前回も少し触れましたが、沖縄民謡界の大御所で「誠小(セイグヮー)」と親しまれた登川誠仁さんが19日、80歳で亡くなりました。映画『ナビィの恋』の出演などでも知られる幅広い芸能活動でした。
登川さんは1932年兵庫県尼崎市生まれ。5歳のときに母方の故郷である美里村東恩納(現うるま市)に引っ越し、その頃から三線と民謡に親しみました。戦後は米軍基地でハウスボーイとして働く一方、「戦果アギヤー(闇物資の横流し)」となってひと財産築きましたが、博打に負けて全財産を失ってしまいます。何とこのとき16歳だったというのですから驚かされます。

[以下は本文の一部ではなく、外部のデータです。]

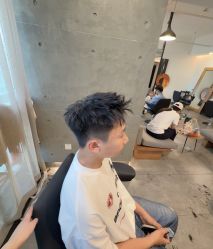-MASTER 男士发型设计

16歳で、島袋光裕率いる沖縄芝居の「松劇団」の地謡に。ここでの師・板良敷朝賢の下で本格的に三線の修行を始めました。さらに組踊の泉川寛から三板を、同じく組踊の星潤から太鼓を習得。徐々に頭角を現し、地場のマルタカレコードから次々にレコードを発表しています。現在の民謡ショーの基礎を確立し、喜納昌永・津波恒徳とのトリオなどでも人気を博しました。
三線の名手、しかも速弾きが得意なことから「沖縄のジミヘン(ジミ・ヘンドリックス)」と呼ばれたことも。「豊節」などの作詞作曲や、三線の楽譜である工工四(クンクンシー)に声楽譜を加えた「民謡端節舞踊曲集工工四」などの編集、徳原清文さんや知名定男さんら多くの後輩を育てるなど、沖縄民謡界に果たした功績は数え切れません。体は小さくとも、まさに「巨人」でした。